Connotation in text can be very difficult to translate with 100% accuracy, because of the level of interpretation involved.
There are those in this world who believe that language can be plain and simple – that you can strip away unnecessary rhetorical flourishes and be left with a straightforward group of words that can be used to plainly and clearly express ideas. Whether or not they see this as an ideal or a mistake, they believe it’s possible.
These are often the same people who think that language translation should be easy – after all, once you’ve stripped away the flourishes all you have to do is re-state the meaning of what you’ve just read in a new language (preferably as simply and straightforward as possible). What they forget, of course, is the flexibility and subtlety of most language. Even supposedly ‘simple’ language is usually packed full of shadings – and if it wasn’t intended that way by the author, then guess what? The reader will actually supply them.
That’s one of the wonders of language – we see shades where there might not be any, but they are no less real. This is the phenomenon of ‛connotation.’
Translation is work that is always filled with challenges, and not least among those challenges is connotation. Connotation is, simply put, a feeling that is imparted by word and phrases choice that the reader takes away in addition to the literal meaning of the phrase. A quick example would be ‘the night was black as pitch.’ On the one hand the meaning of this sentence is very simple an clear: It’s dark out. But the choice of the words ‘black’ and ‘pitch’ connote other things, like fear and depression (black) and thickness and confusion (pitch).
Or at least, that’s what I get from the phrase. Someone else may not get those feelings. That’s the problem with connotation; except in very rare cases when the connotation of words or phrases is widely accepted and shared, you’re dealing with a very personal reaction. That makes coming up with a standard translation very difficult.

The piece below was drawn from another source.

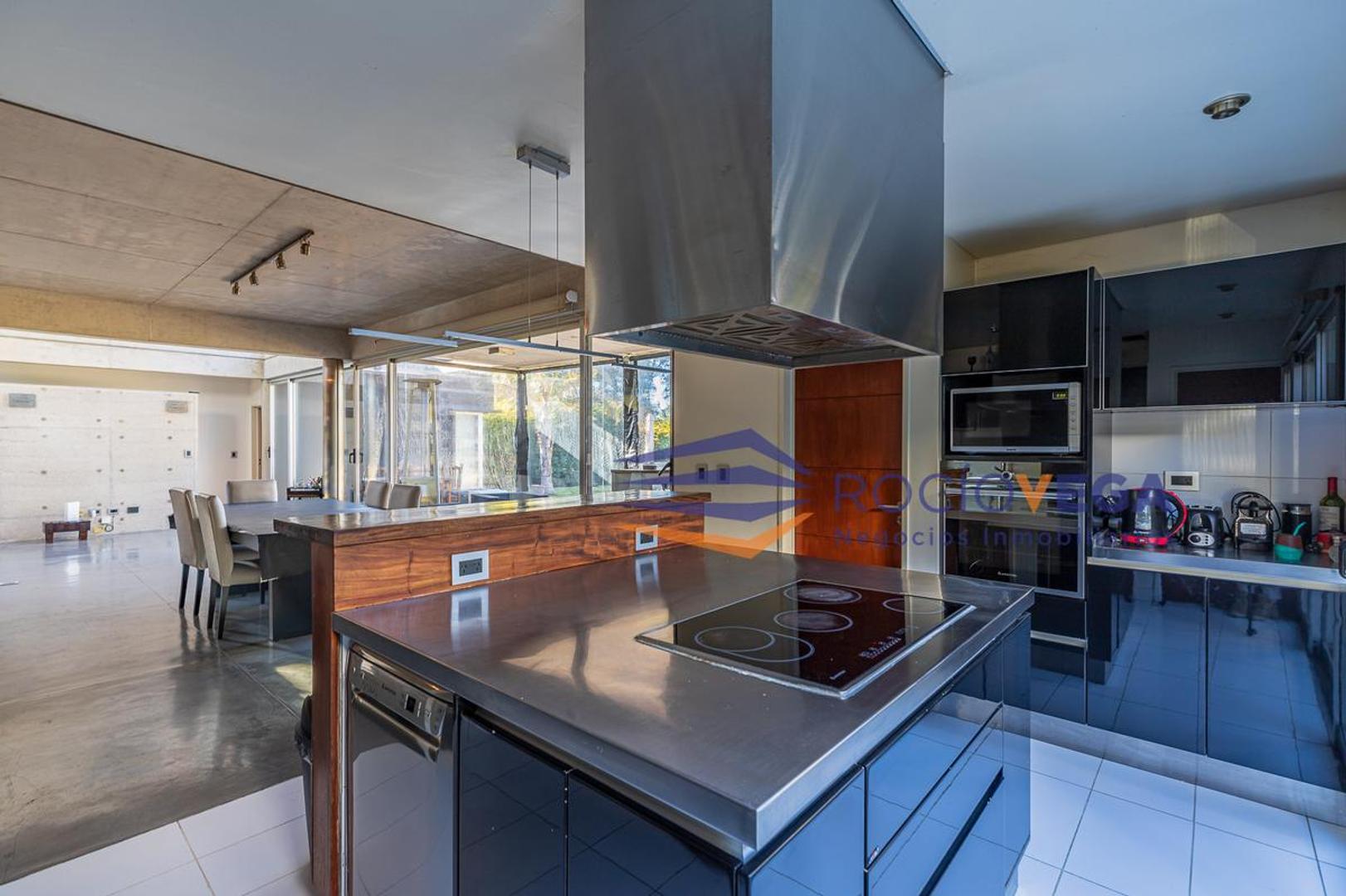 Casa 4 ambientes con 3 baños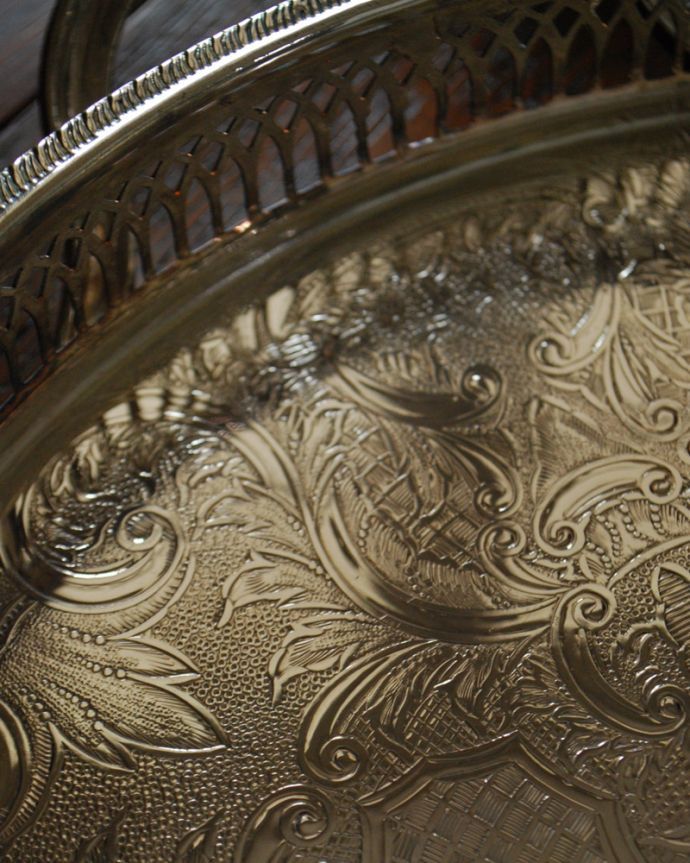 アンティーク シルバー製 アンティーク雑貨 贅沢な装飾が素敵なアンティーク、本格派のシルバートレイ。繊細なお花の装飾が入って豪華です。(k-1961-z)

An Approach to Connotation
So, what can you do? Well, context is always important when dealing with connotation. To be certain you’ve interpreted something correctly you can compare it to the text that has gone before: If it feels incongruous, it might be because you’re misinterpreting the connotations of that phrase.
You can also check with other translated texts for the same phrasings and compare how they were handled to your initial reaction. After all, if dozens of professionals translated it the same way, there’s at least some consensus.
In the end, though, you were hired not just because of your fluency, but because you’re bringing your experience and cultural knowledge to the project – that counts for something. If you’re pretty sure ‘the night was black as pitch’ is meant to convey an oppressive sense of dread on the reader, then you are likely right – stick to your intellectual guns.